Por el contrario, los problemas ya existentes, como los conflictos entre la autonomía de valores tradicionalmente inspiradores de la educación, y la interpretación de los derechos que hacen las cortes, influenciada, las más de las veces, no por los valores de los colombianos, sino por la agenda internacional y las modas académicas, en vez de atenderse directa y adecuadamente en vías de solución, se agravan y se ponen en situación de colisión inminente.
Riesgos
En este sentido, existen por lo menos dos casos concretos de riesgos muy serios, aquí soslayados: A) lo relativo a la promoción forzosa y la consecuente reducción de la calidad; B) lo relativo a la no discriminación vs. los valores éticos de las instituciones de IEE y las IES.
Lo relativo al primer caso lo expliqué en la glosa titulada “El anzuelo del derecho fundamental”. Respecto del segundo caso, es inevitable no recordar las famosas cartillas Parodi. Pareciera que se les quiere abrir la puerta trasera para que entren sin hacer ruido. Los articulados son cuidadosos cuando hablan del género, pero hay una ambigüedad que parece intencional en el uso del concepto de género como alusivo a equiparación de oportunidades y derechos entre hombres y mujeres, aunque en realidad lo que se anticipa es la implementación oficial de la ideología de género en la educación. Esto último, hay que decirlo claro, riñe tanto con la mayoría de los valores tradicionales de la educación privada, que es de inspiración cristiana, como con los valores tradicionales campesinos e indígenas que el gobierno alardea incluir, defender y garantizar. Así, el conflicto que ya venía surgiendo por omisión de un marco regulatorio se agrava por la creación de un marco regulatorio deliberadamente ambiguo al respecto.

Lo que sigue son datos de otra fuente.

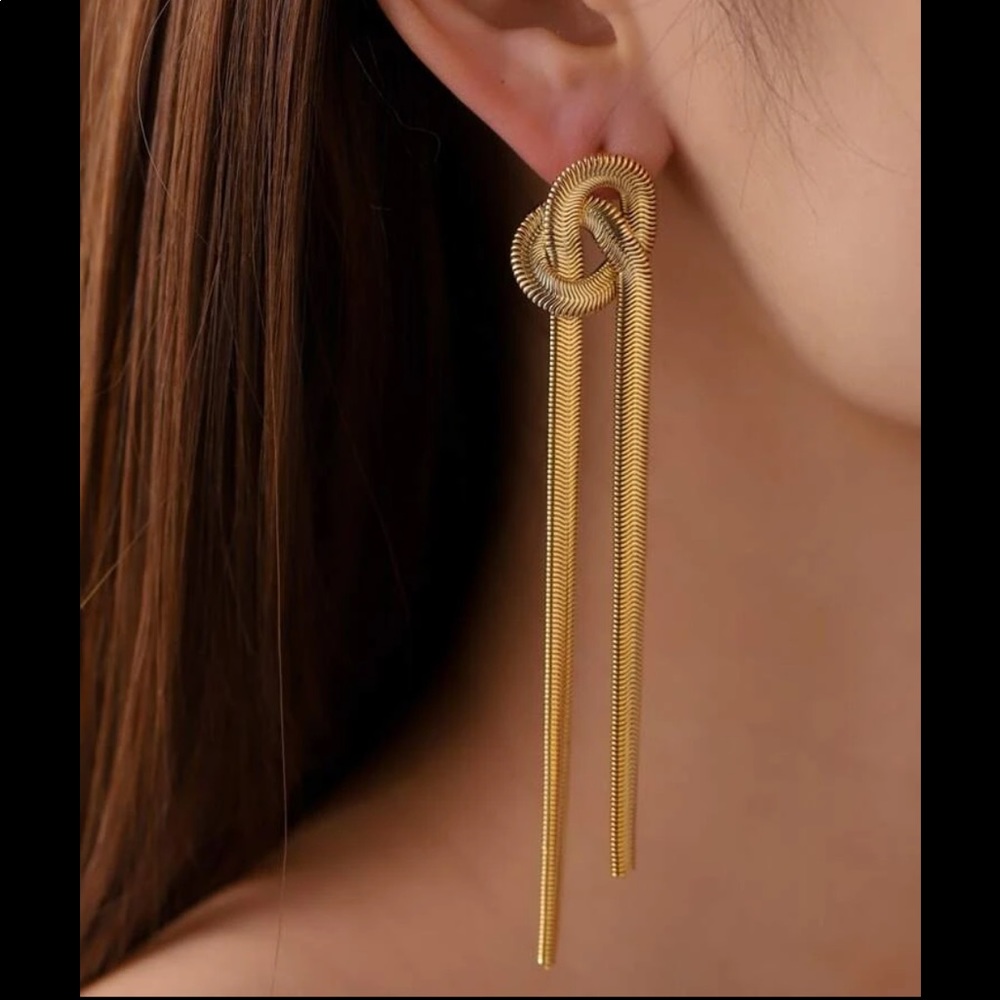 NWOT Knot Metal Tassel Earrings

Por consiguiente, es lamentable lo pobre de la propuesta en relación con los valores familiares y religiosos, que no ni son secundarios ni pueden serlo. La ley de educación no puede situar como secundarios ni a la familia, como célula formativa fundamental, ni a la tradición cultural y religiosa judeo-cristiana, como legado y herencia de toda la axiología inspiradora de los valores que han hecho parte de la educación occidental en general, y de la educación colombiana en particular.
En consecuencia, el marco jurídico sobre la educación no puede hacer mico a la histórica, y aun mayoritariamente presente, inspiración cristiana de la educación en Colombia, que responde, además, a una expresión más de la educación occidental, también de inspiración cristiana. Tampoco puede obviar los valores éticos de las minorías por las que supuestamente saca pecho, como los pueblos indígenas, que en su mayoría son apáticos a la ideología de género que con disimulo se está deslizando dentro del sistema.
En resumen, la ideología de género es contradictoria con la educación tradicional cristiana y con muchos de los cuerpos de valores de las naciones ancestrales de Colombia.
Acorde con lo anterior, no debe evadirse analizar el tema. Todo lo contrario. Es menester pensar con profundidad las contradicciones y omisiones que podría significar aceptar varias de las pretensiones de la reforma. Si se admite la reforma tal y como se ha presentado surgirán, sin duda, casos dificiles y situaciones límite, resultas de las tensiones y conflictividades entre derechos.